ミュージカル「この世界の片隅に」制作を編曲者の視点から振り返る #2

ここから各曲を登場楽曲順に振り返ります。
ネタバレの可能性がありますので、これから初観劇、という方は閲覧に充分ご注意ください。


M0 オープニング
実はデモ音源の時点では全く別の、しっかりとしたオバーチュア(序曲)を作っていたのですが、演出上今の形に。
アンジェラが前半部分の管のメロディ、弦のイメージをしっかり作ってくれたので、後半部分を作り加え全体をオーケストレーション。
非常に短いけど印象的な音になって、個人的に気に入っている導入です。

M1 この世界のあちこちに
アンジェラが制作開始当初「これがメインの大事な曲だから、早く形にしたい」と、たしか2曲目くらいに渡された記憶があります。
素晴らしい作詞作曲に胸が躍りました。
どの曲も最初は、アンジェラの歌とピアノのみのデモを参考にアレンジしていくのですが、このミュージカルの数曲は、そのデモの彼女のピアノをそのまま使っています。
もっとも色濃くアンジェラ・アキ楽曲の特徴が出るのが、このピアノ弾き語りのアプローチだと思うし、そこは要所で、敢えて打ち出していくつもりでした。
完璧にキャッチーでシンプルなピアノイントロも彼女のものです。

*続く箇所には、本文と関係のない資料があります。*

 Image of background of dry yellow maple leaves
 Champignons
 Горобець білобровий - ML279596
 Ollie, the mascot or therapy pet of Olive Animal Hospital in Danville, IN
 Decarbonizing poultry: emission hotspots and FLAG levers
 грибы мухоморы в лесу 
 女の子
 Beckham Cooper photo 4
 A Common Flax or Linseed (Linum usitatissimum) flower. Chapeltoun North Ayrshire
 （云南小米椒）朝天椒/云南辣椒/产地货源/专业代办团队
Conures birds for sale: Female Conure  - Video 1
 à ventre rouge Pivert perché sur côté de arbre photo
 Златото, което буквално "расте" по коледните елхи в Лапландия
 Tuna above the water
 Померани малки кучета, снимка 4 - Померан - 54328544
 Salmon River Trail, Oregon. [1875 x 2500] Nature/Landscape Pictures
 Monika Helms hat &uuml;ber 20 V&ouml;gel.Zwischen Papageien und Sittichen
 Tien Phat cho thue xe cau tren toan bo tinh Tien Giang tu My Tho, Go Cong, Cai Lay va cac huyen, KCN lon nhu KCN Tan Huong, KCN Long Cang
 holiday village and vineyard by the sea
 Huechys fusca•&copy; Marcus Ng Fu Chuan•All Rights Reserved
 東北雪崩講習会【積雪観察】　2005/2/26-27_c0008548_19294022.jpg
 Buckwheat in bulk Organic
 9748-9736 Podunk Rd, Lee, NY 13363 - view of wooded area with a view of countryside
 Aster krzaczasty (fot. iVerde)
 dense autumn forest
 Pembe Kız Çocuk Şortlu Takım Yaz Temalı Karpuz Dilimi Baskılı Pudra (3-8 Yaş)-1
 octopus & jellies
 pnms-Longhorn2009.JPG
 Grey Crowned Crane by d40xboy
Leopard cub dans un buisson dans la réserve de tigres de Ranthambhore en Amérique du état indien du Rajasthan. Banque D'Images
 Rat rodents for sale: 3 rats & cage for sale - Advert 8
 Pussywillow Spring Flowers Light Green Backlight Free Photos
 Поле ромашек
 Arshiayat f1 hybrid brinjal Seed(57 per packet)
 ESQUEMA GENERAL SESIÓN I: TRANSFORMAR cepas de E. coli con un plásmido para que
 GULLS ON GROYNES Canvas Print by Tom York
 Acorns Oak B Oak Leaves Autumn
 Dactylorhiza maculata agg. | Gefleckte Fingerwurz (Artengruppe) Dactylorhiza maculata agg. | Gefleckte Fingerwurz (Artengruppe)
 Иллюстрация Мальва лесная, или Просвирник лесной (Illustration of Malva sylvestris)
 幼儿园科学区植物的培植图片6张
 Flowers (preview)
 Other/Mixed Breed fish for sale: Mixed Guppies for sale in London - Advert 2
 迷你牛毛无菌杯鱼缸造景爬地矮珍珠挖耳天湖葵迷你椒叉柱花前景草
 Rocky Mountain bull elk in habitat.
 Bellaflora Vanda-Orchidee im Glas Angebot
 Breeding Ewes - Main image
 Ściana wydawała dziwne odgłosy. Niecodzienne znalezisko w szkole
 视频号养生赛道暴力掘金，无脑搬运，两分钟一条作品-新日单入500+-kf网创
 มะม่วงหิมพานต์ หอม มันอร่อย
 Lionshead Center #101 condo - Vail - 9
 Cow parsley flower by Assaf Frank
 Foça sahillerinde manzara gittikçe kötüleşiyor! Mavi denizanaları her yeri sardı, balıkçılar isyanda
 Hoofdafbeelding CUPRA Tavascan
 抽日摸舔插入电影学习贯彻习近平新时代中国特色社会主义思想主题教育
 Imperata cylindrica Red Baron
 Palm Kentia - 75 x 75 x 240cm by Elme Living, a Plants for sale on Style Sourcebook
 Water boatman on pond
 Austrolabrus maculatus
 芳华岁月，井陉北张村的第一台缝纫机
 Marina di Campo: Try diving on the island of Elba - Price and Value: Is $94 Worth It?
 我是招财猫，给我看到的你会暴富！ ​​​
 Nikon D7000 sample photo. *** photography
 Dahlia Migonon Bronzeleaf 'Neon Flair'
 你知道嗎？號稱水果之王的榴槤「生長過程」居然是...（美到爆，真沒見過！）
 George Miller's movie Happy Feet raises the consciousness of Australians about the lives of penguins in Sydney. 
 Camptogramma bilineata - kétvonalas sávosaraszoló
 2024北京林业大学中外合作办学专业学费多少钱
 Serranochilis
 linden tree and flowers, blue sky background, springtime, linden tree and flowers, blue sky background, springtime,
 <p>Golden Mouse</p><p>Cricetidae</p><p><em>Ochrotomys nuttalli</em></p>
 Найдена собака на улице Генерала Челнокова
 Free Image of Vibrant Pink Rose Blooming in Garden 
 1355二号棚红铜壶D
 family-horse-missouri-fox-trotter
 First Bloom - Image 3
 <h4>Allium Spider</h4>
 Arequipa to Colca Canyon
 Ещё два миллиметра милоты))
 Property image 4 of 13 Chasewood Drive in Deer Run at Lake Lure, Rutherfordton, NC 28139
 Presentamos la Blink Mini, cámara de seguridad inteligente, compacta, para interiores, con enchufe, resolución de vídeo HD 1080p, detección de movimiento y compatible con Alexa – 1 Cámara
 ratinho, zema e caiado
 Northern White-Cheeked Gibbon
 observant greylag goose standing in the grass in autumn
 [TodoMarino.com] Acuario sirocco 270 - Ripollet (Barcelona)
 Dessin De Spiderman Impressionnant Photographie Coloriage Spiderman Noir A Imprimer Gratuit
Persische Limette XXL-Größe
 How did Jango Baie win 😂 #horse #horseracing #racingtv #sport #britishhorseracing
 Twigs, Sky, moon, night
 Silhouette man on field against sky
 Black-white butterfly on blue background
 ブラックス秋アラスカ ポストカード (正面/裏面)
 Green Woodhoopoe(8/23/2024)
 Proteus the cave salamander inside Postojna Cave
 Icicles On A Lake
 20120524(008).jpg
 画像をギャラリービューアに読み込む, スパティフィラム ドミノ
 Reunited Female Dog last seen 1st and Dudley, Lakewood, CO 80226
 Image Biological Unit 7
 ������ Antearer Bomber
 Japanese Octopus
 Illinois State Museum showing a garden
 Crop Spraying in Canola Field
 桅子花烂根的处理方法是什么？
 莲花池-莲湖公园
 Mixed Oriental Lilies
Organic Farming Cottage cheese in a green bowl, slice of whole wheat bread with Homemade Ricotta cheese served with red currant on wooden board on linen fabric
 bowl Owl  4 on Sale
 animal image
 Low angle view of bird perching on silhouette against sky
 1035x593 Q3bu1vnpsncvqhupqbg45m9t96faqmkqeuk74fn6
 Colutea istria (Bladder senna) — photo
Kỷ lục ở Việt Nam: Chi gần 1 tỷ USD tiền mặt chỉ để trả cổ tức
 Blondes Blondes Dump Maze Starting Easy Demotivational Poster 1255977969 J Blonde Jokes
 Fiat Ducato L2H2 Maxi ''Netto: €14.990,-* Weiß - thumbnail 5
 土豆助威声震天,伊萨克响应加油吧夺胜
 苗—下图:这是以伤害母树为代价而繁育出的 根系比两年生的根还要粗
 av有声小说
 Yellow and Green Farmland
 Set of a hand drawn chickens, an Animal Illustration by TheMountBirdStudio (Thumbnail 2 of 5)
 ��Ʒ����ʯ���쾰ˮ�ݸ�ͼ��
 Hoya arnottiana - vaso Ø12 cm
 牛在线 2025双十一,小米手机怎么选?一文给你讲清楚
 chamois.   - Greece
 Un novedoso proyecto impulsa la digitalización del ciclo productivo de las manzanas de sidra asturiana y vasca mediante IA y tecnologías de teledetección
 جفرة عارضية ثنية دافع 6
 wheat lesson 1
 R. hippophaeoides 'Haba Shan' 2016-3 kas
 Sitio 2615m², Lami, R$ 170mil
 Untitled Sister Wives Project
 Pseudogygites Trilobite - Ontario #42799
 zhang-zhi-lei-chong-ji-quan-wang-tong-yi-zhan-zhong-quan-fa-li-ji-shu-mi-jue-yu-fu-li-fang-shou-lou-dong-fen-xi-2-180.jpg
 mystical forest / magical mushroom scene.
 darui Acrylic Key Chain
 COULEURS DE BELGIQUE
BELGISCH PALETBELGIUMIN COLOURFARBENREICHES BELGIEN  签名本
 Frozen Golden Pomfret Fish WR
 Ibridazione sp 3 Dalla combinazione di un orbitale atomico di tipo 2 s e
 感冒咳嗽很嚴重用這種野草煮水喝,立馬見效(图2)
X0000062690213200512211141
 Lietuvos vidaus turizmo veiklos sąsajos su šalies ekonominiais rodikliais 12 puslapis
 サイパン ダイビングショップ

結局これがこの作品のメインモチーフになりましたね。
アレンジはこのピアノを歌を管弦で暖かく包み彩るように、シンフォニックに、でもポップに、というのを心がけました。
実はこのミュージカル、最初はドラムを入れる事を想定せずに、もっとシンフォニックに、打楽器はオーケストラパーカッションを駆使するアレンジにしようとしていました。
しかし後にこのミュージカルの、少しアレンジを変えたアルバムを作るという話になり、そこでドラムを試してみたところ「これこそアンジェラのポップスでしょ!」という事になり、ミュージカル版にもドラムを起用する事に。
闇雲にスタートしたアレンジ作業でしたが、この曲を終えた時は不思議な高揚感と「なんだかいけそうな気がする」と根拠の無い自信が芽生え、、それが勘違いだったとしても、その後の制作の推進力になった気はするので、今考えれば早々にこの曲のデモを上げられて良かった気がしています。

M2 歪んだ世界
台詞のあるイントロ部分は僕が担当したのですが、最初にデモで作ったものは怖すぎたようで、、何度か書き直しました。
全体に不安定な和音や楽句が支配する音の世界で、すずの心情が描かれます。
陰鬱な心情を表現する響きは、アンジェラと提案し合って、精査して進めました。
弦楽器のフェードイン、トレモロ、不完全なワルツを、ピアノの音色に絡めます。
アレンジするにあたって、このミュージカルならではの特徴的な楽器音を幾つか、使いたいと思っていました。
そのひとつがこの曲中も使われる、チューブラーベルの音色です。
チューブラーベルは日本では、NHKのど自慢の音、という印象、先入観が強すぎるので、僕は非常に残念に思っていました。
マーラーやショスタコーヴィッチ、レスピーギ、カールオルフなど、効果的に象徴的に使われた名曲が幾つも存在して、この作品にも数々の場面で使ってみる事にしました。
カラッとした明るい音色も得意ですが、倍音の多い音なので、重音で使ったり柔らかな素材のマレットを使用することによって複雑な響きを出す事も出来ます。
ここではいつしか、ある登場人物を象徴する音として使うようになったのですが、お分かりになるでしょうか?
是非耳を傾けていただければと思います。

M3 広島の橋の上
打って変わって明るい雑踏を思わせるこの曲、小すずと周作のバケモノとのやり取りも楽しく、場面転換描写の多いミュージカルらしい曲になりました。
この曲や次の「ぼーっとしちょるお嫁さん」でイメージしたのは昭和初期歌謡の伴奏形やムードを引き継ぎ大衆的に、モダンにした山本直純さんや越部信義さんの劇伴、つまり「寅さん」や「サザエさん」の世界観でした。
流麗に流れる時に少しギミックのあるストリングス、バケモノの足音を表現するトロンボーンや、各種トイパーカッションの音、乾いたエレキギターカッティングなど、、ベタな描写も楽しんでもらえたらと思います。
冒頭のトランペット、、難しいと思うのですが、この爽やかさを表現するのはピッコロトランペットしか叶わないと思い、お願いしました。いつも見事に演奏していただいて、オケの名トランペッター東野さん、古土井さんにも感謝。。しています。